L’innocente di Louis Garrel: imparare a vivere attraverso la finzione

Abel (Louis Garrel) va nel panico quando viene a sapere che sua madre Sylvie (Anouk Grinberg) sta per sposarsi con Michel (Roschdy Zem), un carcerato conosciuto nel corso di teatro che la donna tiene e che sta per uscire di galera. Con l’aiuto di Clémence (Noémie Merlant), la sua migliore amica, inizia a pedinare l’uomo, salvo poi trovarsi coinvolto in un’impresa destinata a cambiargli la vita scuotendolo dal suo torpore.

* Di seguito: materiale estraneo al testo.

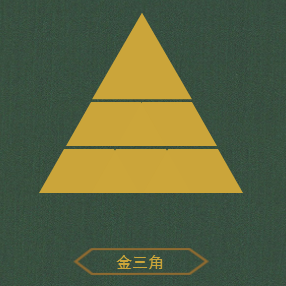 “雙軌制”布局說(shuō)明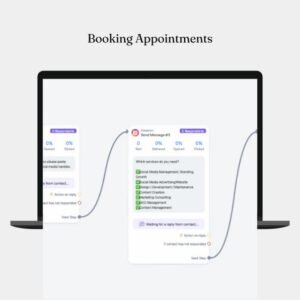 12 Manychat Automation Flows with Private Label Rights (PLR) and Master Resell Rights (MRR) | Digital Marketing | Faceless Marketing | DFY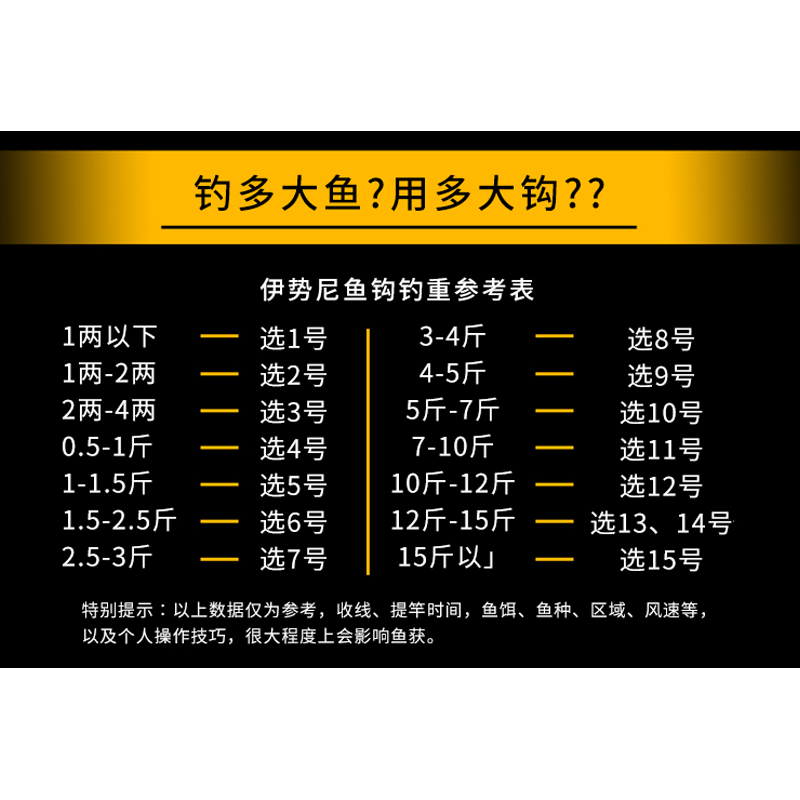 双槽鱼钩 伊势尼 伊豆 金袖 新关东 日本进口正品原装散装钓鱼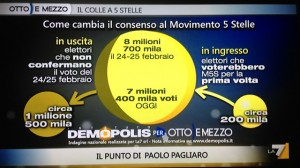 sondaggi demopolis, cambiamento del consenso nel M5S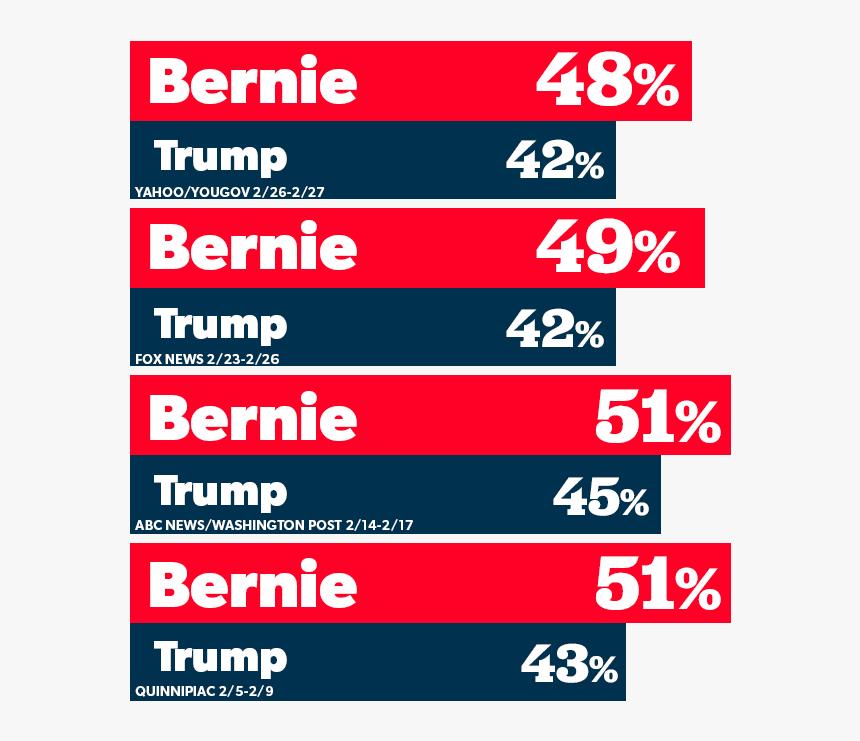 Bernie Sanders Png, Transparent Png, Free Download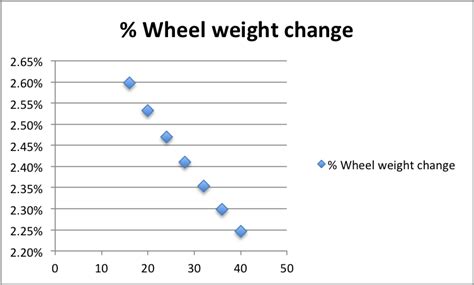 Wheel Design Charts and Graphs – November Bicycles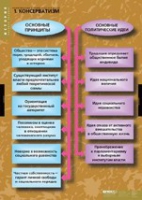 История. Политические течения XVIII-XIX в (комплект таблиц) - «globural.ru» - Карпинск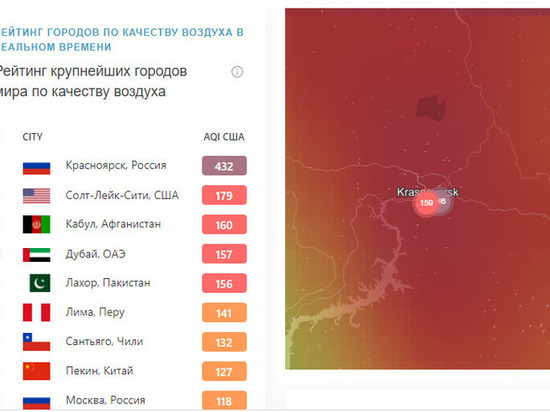 Красноярск лидирует с пугающим отрывом в мировом рейтинге самых грязных городов мира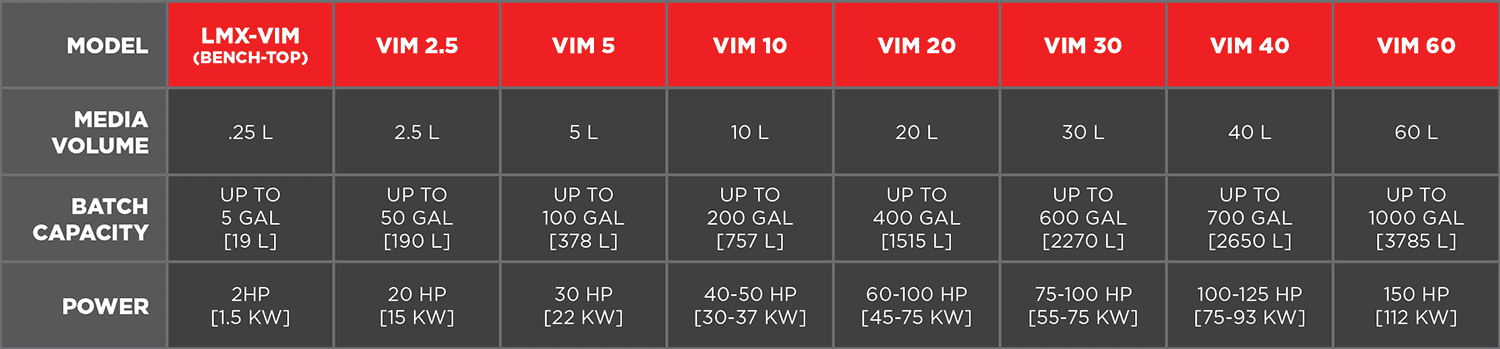 immersion mill specs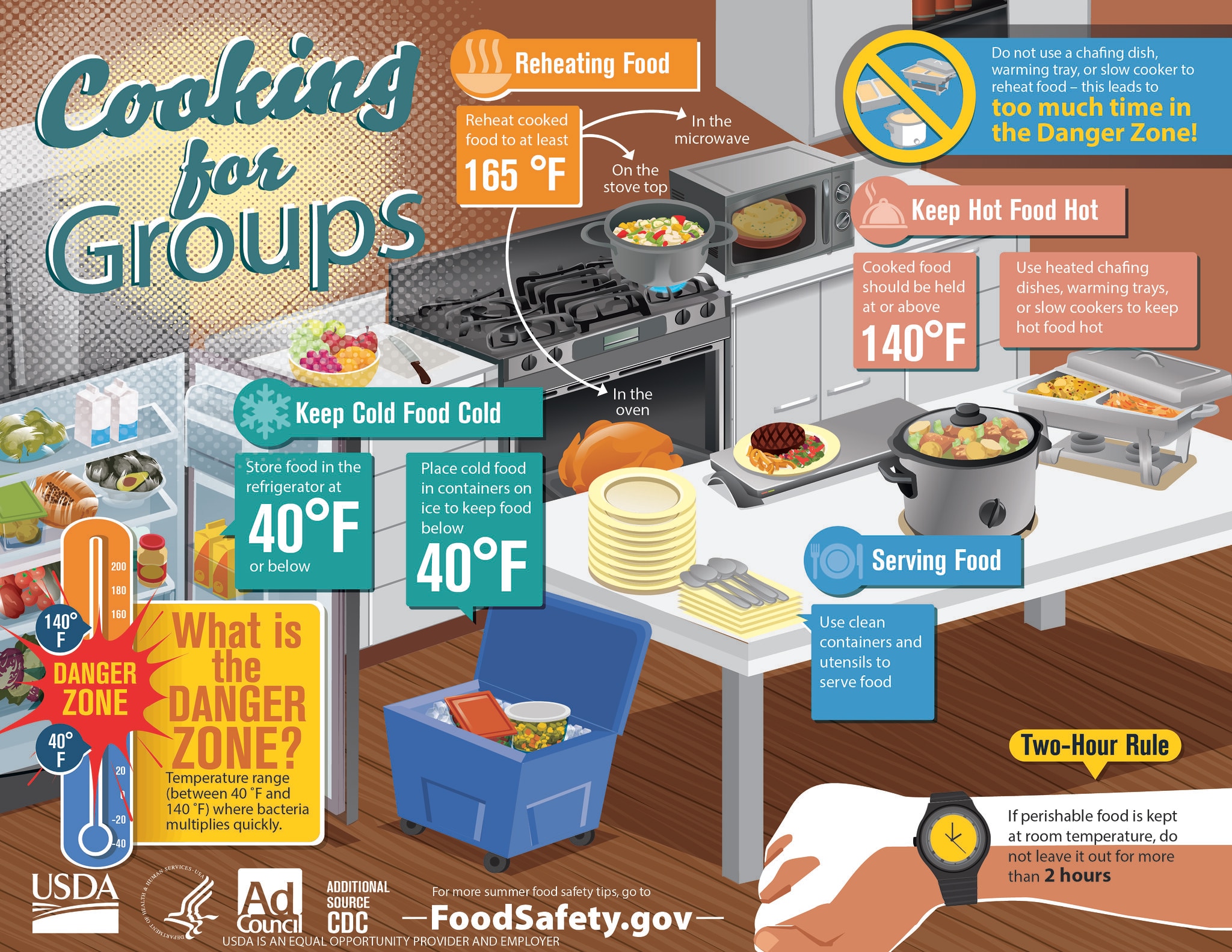 Tips for cooking for groups. Full text can be read at https://www.fsis.usda.gov/food-safety/safe-food-handling-and-preparation/food-safety-basics/cooking-groups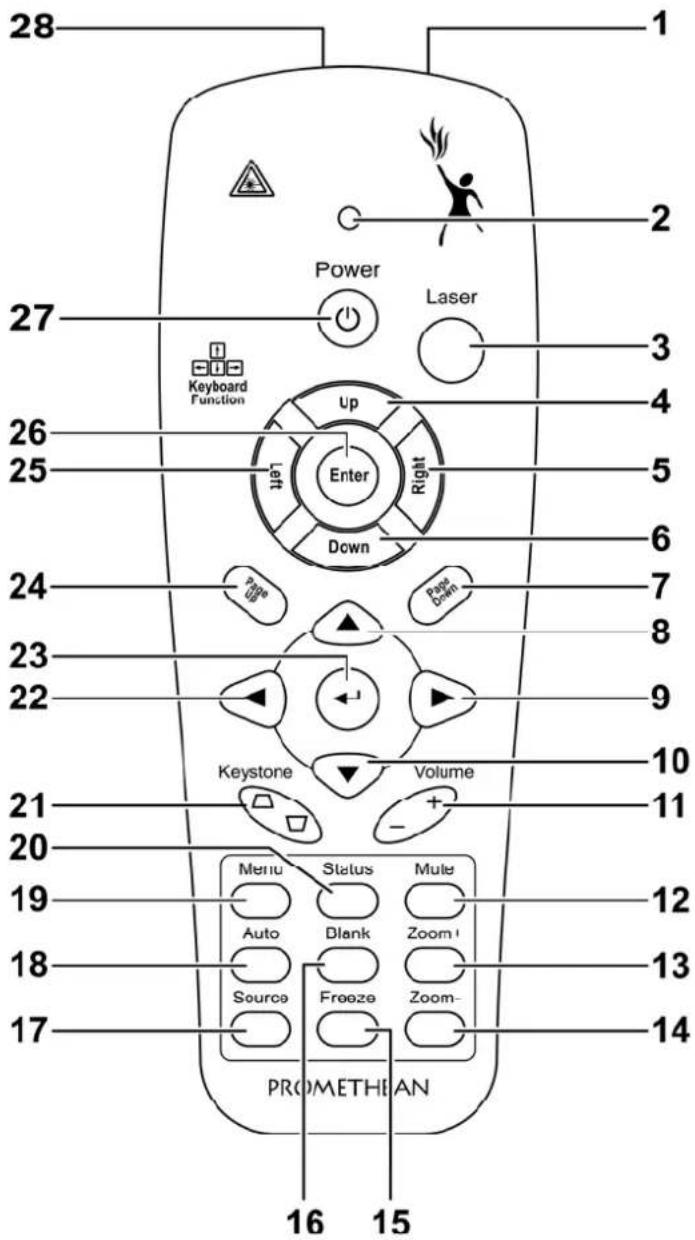 28 1 27 Power Laser 3 Keyboard Function Up Enter Right 5 26 Left Down 6 24 Page Up Page Down 7 23 Keystone Volume 9 22 10 11 21 20 Menu Status Mule 19 Auto Blank Zoom1 18 Source Freeze Zoom- 17 PROMETHEAN 16 15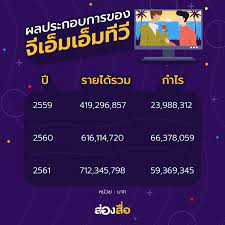 Log into facebook to start sharing and connecting with your friends, family, and people you know. ð™Žð™–ð™§ð™–ð™¬ð™–ð™©ð™ð™žð™£ð™š A Twitter I Compare Profit Gmm Group Have 2 Tv Channel One 31 Ch And Gmm25 Ch One31 Ch Management By One31 Enterprise Keep Growing Every Year Gmm 25 Ch Management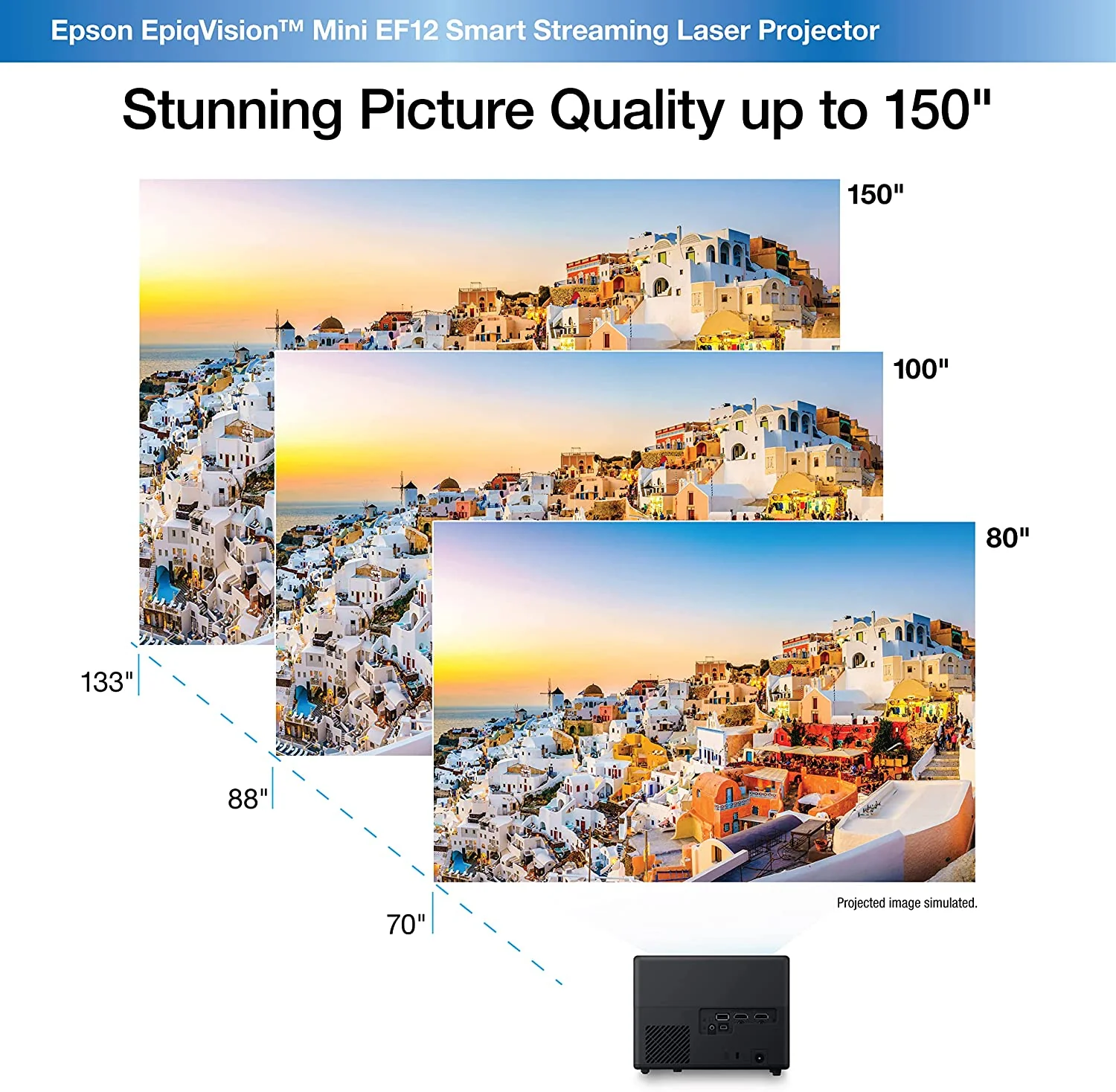 Epson EF-12 Mini laser Smart projector (V11HA14040) - 3LCD, Full HD, 1000 Lumens, 150 Inch Display, Android TV, Sound by Yamaha, Gaming & Home Cinema Laser Projector - Image 3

Proprio come l’axelotl, affascinante creatura anfibia che può trascorrere la sua intera esistenza allo stato larvale senza mai diventare adulto – cosa che gli permette di vivere più a lungo – anche Abel ha deciso di prolungare all’infinito la sua condizione di giovane vedovo che non vuole superare il trauma della perdita. Ma, come spiega Abel a bambini e adulti in visita nell’acquario in cui lavora, questa piccola salamandra è anche in grado di rigenerare i propri organi danneggiati o distrutti ed è quello che riuscirà a fare anche lui.

 

 

Garrel ritrova il suo alter ego Abel, presente già nei tre precedenti film da lui diretti (Due amici, 2015, L’uomo fedele, 2018, e La crociata, 2021): la vittima sacrificale per antonomasia ha qui diritto a un cognome e acquisisce la franchezza, la sicurezza che gli permette di affrontare gli eventi e di ritrovare se stesso facendo i conti con le proprie emozioni profonde. Per compiere il suo percorso deve ricorrere alla finzione: solo mettendosi in scena riesce a esprimere i suoi sentimenti. Espediente narrativo estremamente interessante e ben congegnato che richiama la scena iniziale in cui Michel si racconta – ma è la scena di uno spettacolo – finendo così per chiudere idealmente un cerchio che gli permette anche di rispecchiarsi nell’uomo che all’inizio perturba il suo già fragile equilibrio.

 

 

Cambiando città, il regista – anche sceneggiatore con lo scrittore Tanguy Viel (pubblicato in Italia da Neri Pozza) e con la regista e sceneggiatrice Naïla Guiget, trova un ambiente più congeniale: lascia Parigi e opta per Lione («per allargare il campo e spezzare la mia immagine di parigino», ha dichiarato in un’intervista), con i suoi edifici rinascimentali nel centro e le moderne zone periferiche, con la sua borghesia meno altezzosa (è lui a far notare alla madre che Michel è «solo un operaio»). Con L’innocente, realizza una riuscita e originale tragicommedia nel solco della tradizione poliziesca francese e della commedia italiana (in particolare I soliti ignoti di Mario Monicelli) incentrata sul rapporto madre-figlio, ispirandosi alla propria storia («Non è un film autobiografico ma è molto personale» e infatti il film è dedicato alla madre, l’attrice Brigitte Sy che nel corso di uno dei numerosi laboratori teatrali condotti in carcere si innamorò e sposò un detenuto, storia da lei raccontata in Les mains libres del 2010). «Il mio personaggio nel film – ha detto Garrel – mi assomiglia, è un clown bianco, ansioso, pessimista, che anticipa sempre scenari catastrofici: mi sono preoccupato molto per mia madre, e anche se nel film è esacerbato, mi piaceva l’idea di mostrare un figlio che si comporta un po’ come il padre di sua madre perché lei è di carattere opposto, molto solare, con una gioia di vivere infantile». L’autobiografia come punto di partenza per andare oltre e realizzare, grazie a ottimi interpreti e a una costruzione perfetta, un gioiello che costituisce un nuovo importante tassello nel suo percorso cinematografico.